EXERCISE PROMPT: Your output should consist solely of the lines from the one holding "Retrouvez Brossier Saderne" to the end of the records below, inclusive, reproduced exactly and free of pictures.

Image-caption web data
╔══

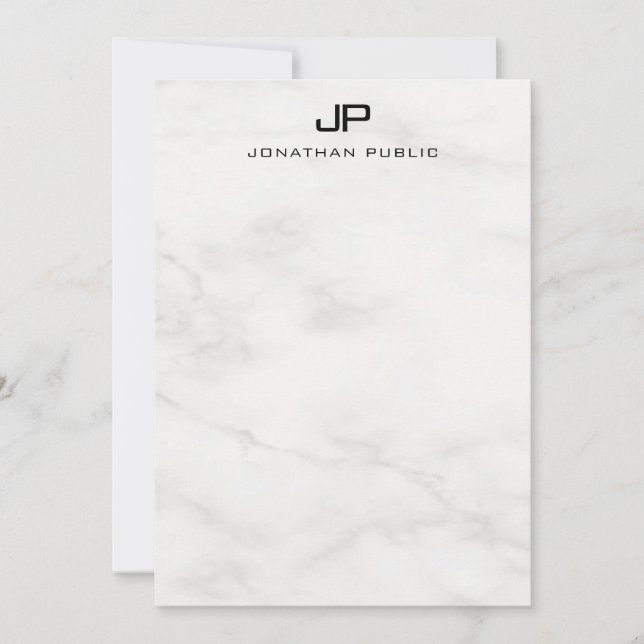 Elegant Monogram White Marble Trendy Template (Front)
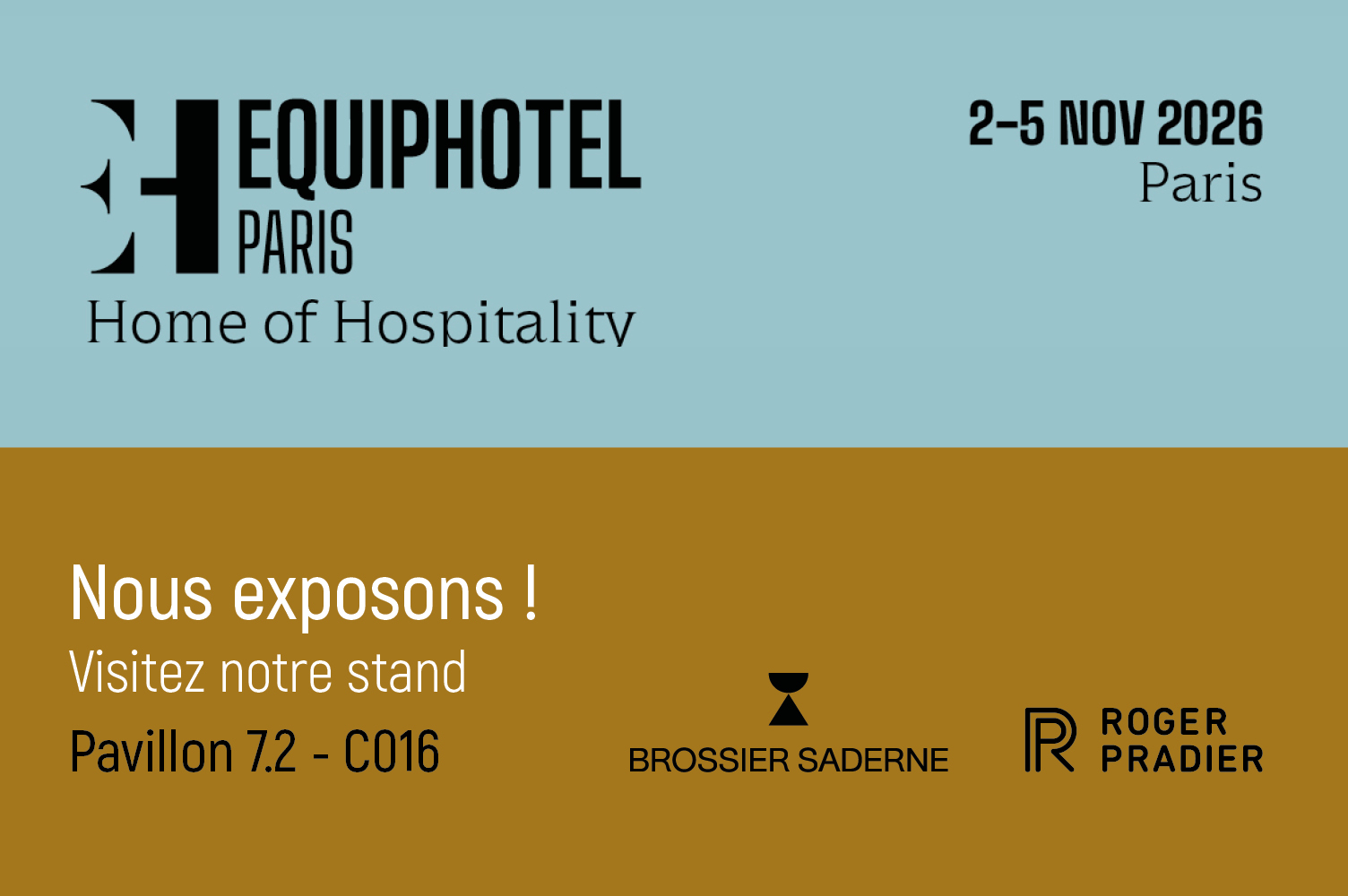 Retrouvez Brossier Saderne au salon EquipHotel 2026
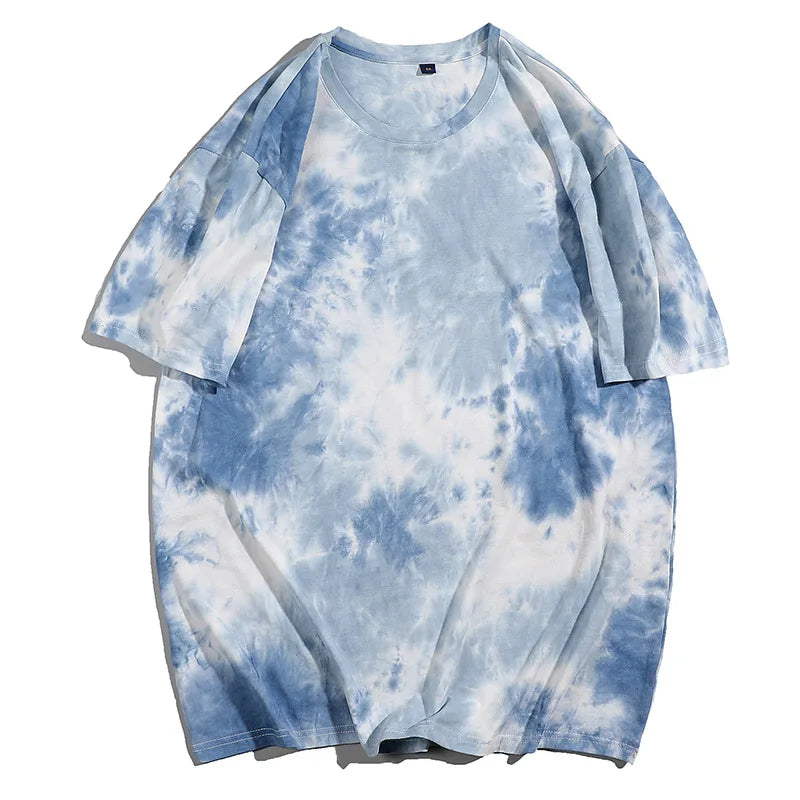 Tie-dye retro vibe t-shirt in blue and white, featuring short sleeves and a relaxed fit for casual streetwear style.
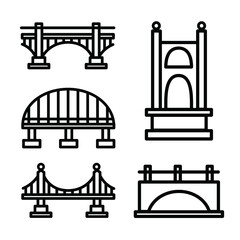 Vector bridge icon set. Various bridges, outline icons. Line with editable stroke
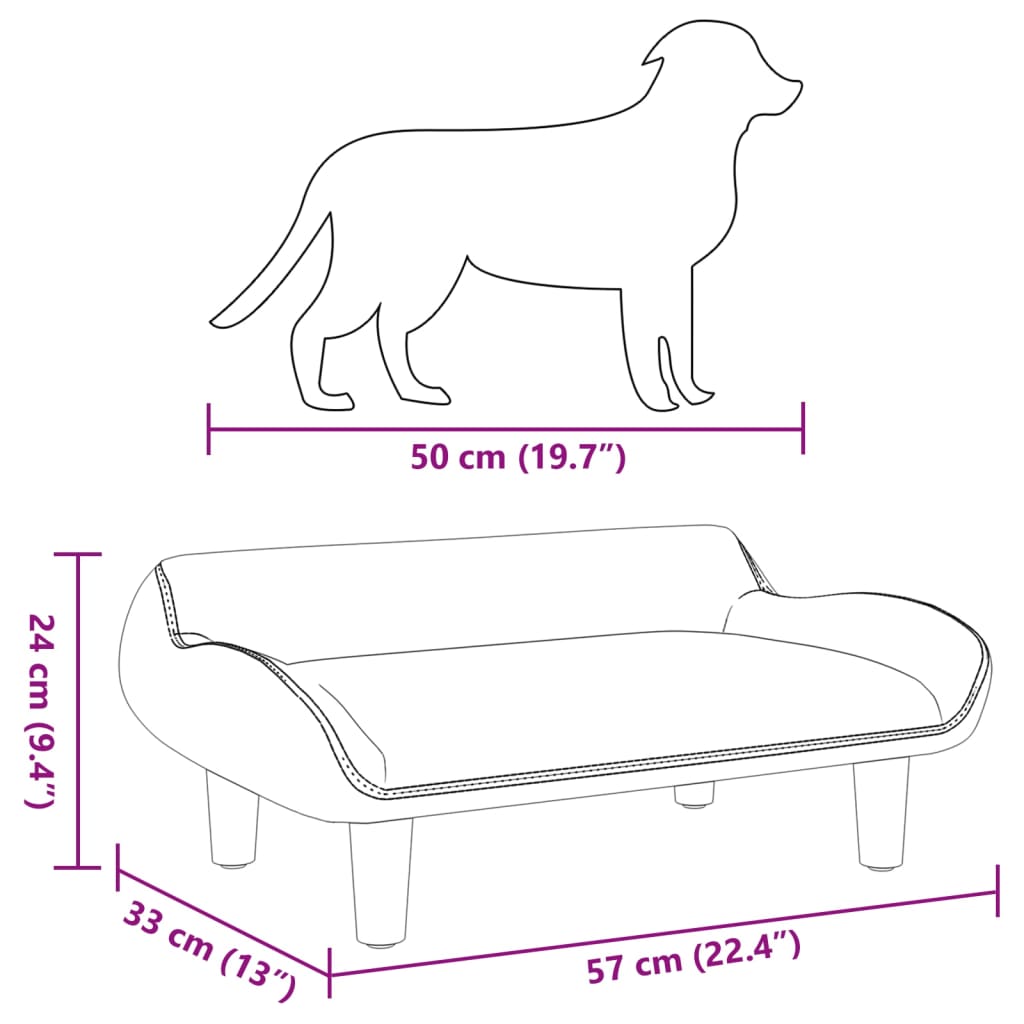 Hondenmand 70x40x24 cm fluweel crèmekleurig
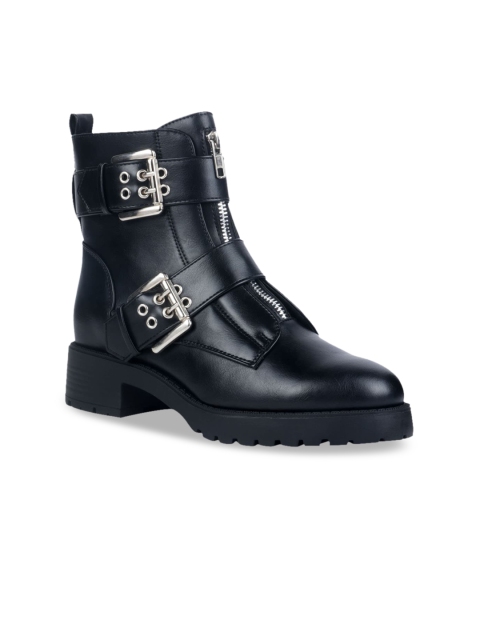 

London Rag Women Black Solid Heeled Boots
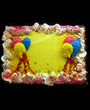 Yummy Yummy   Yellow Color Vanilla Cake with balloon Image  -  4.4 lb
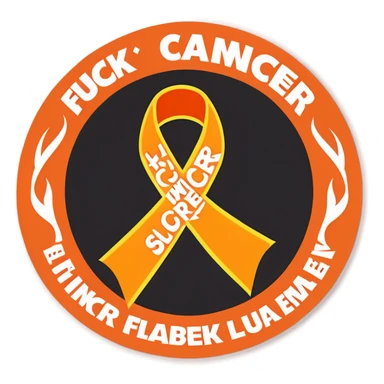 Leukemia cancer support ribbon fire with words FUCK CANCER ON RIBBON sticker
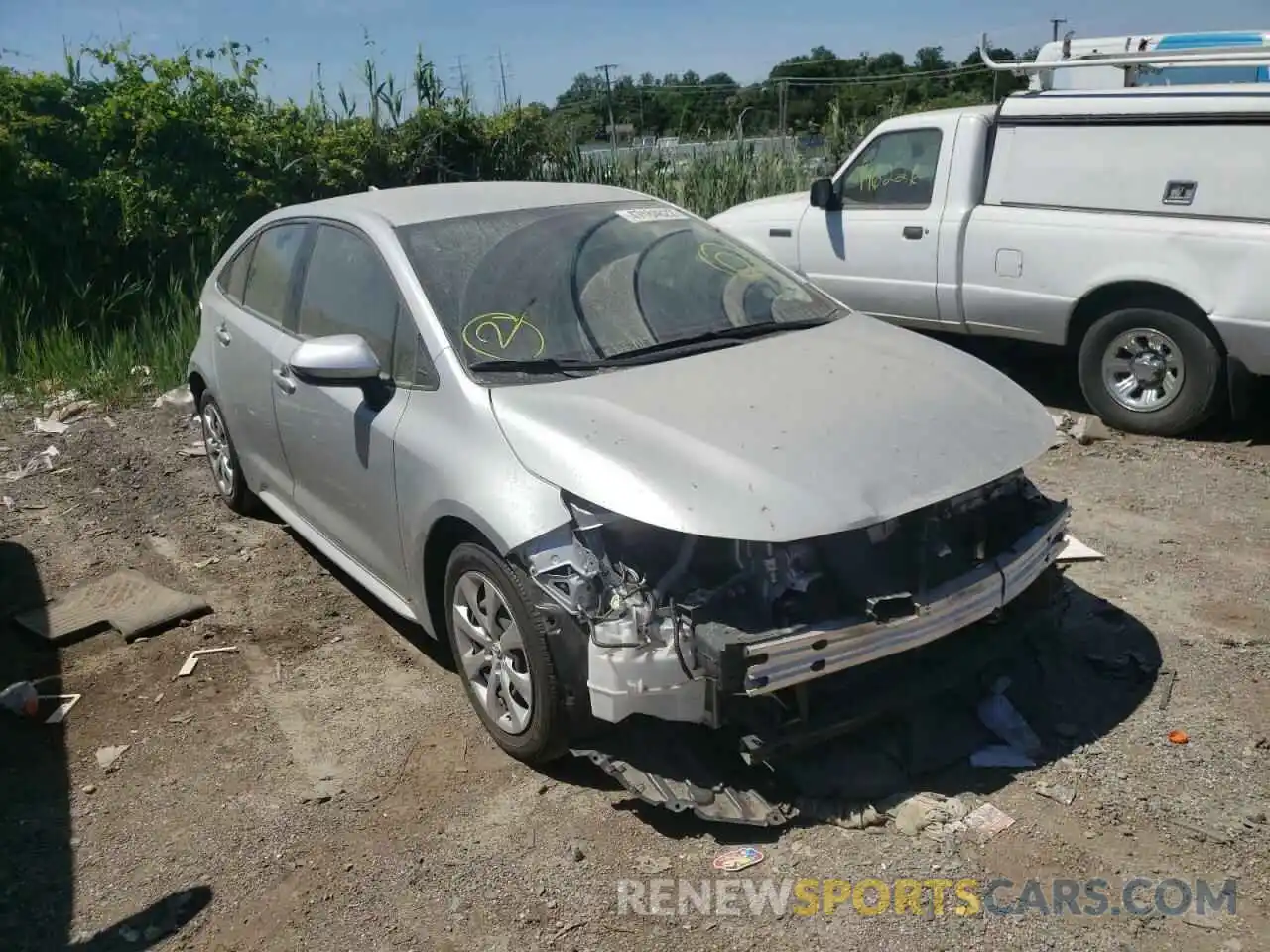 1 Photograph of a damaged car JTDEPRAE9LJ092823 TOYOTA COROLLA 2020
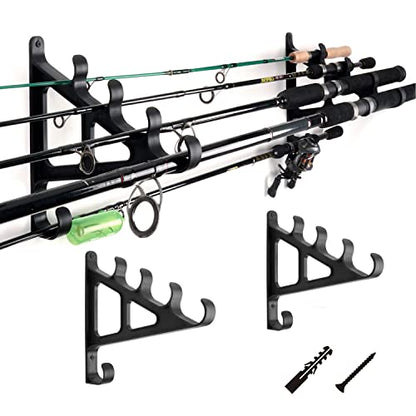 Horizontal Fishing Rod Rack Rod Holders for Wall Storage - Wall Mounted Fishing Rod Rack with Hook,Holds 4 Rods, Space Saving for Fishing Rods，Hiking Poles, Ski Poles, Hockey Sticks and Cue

╚══

FINISHED TASK:
 Retrouvez Brossier Saderne au salon EquipHotel 2026
 Tie-dye retro vibe t-shirt in blue and white, featuring short sleeves and a relaxed fit for casual streetwear style.
 Vector bridge icon set. Various bridges, outline icons. Line with editable stroke
 Hondenmand 70x40x24 cm fluweel crèmekleurig

London Rag Women Black Solid Heeled Boots
 Yummy Yummy   Yellow Color Vanilla Cake with balloon Image  -  4.4 lb
 Leukemia cancer support ribbon fire with words FUCK CANCER ON RIBBON sticker
 1 Photograph of a damaged car JTDEPRAE9LJ092823 TOYOTA COROLLA 2020
 Horizontal Fishing Rod Rack Rod Holders for Wall Storage - Wall Mounted Fishing Rod Rack with Hook,Holds 4 Rods, Space Saving for Fishing Rods，Hiking Poles, Ski Poles, Hockey Sticks and Cue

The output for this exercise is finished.